The Connecticut Joint Committee on Judiciary heard testimony in support of legislation to count incarcerated people at home for redistricting purposes.

by Leah Sakala, April 2, 2013

Will Connecticut be the next state to bring an end to prison gerrymandering?

Peter Wagner testifies in support of HB 6679

Yesterday Peter testified before the Connecticut Legislature’s Joint Committee on Judiciary in support of HB 6679, a bill that would end prison gerrymandering by requiring incarcerated people to be counted at their home addresses for redistricting purposes (you can watch Peter’s testimony at CT-N starting at 5 hours 38 minutes).

Leah Aden of the NAACP LDF submitted testimony in support of the bill, and David McGuire of the ACLU of Connecticut testified in support as well.

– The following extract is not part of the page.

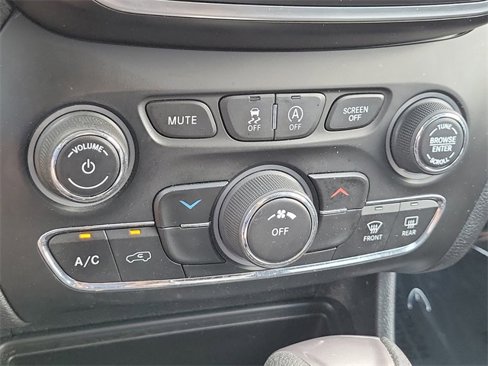 Used 2019 Jeep Cherokee Latitude w/ Popular Appearance Group image 46
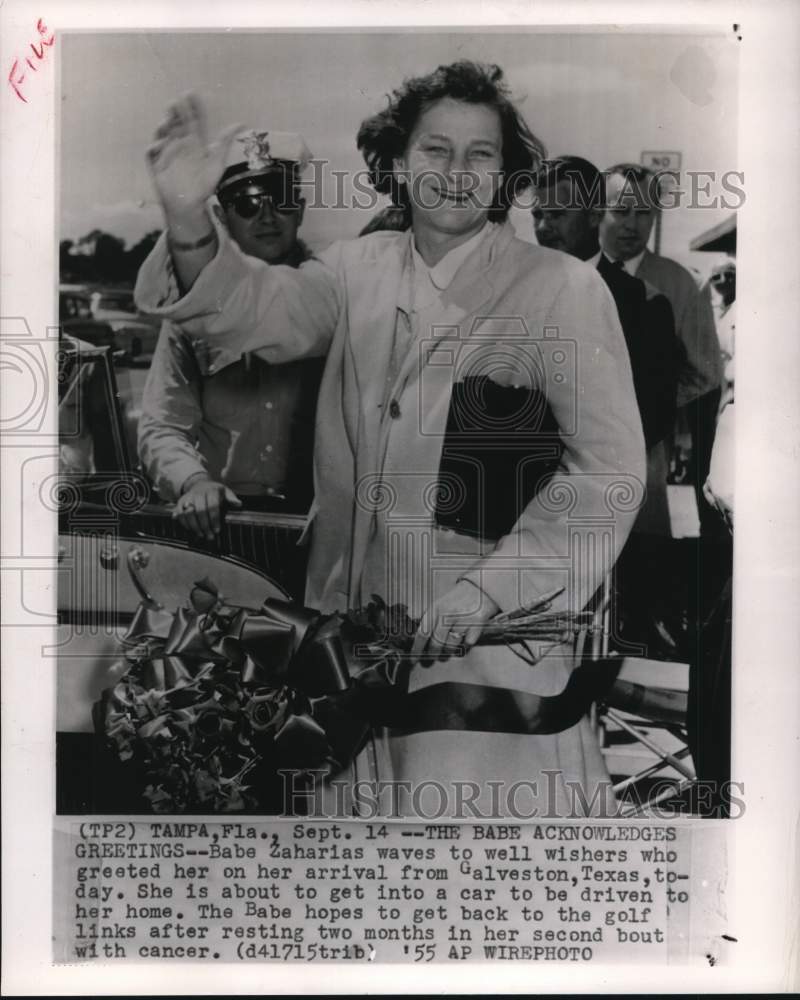 1955 Press Photo Golfer Babe Zaharias and Supporters in Galveston, Texas- Historic Images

Our allies at Common Cause in Connecticut have been instrumental in getting this issue on the legislature’s agenda, and there’s a broad base of support from the public and the press for ending prison gerrymandering in Connecticut. Editorial boards such as the Hartford Courant and the Norwich Bulletin have called on the legislature to pass legislation like that in New York, Maryland, Delaware, and California to ensure that the Census Bureau’s method of tabulating prison populations doesn’t skew democracy in Connecticut.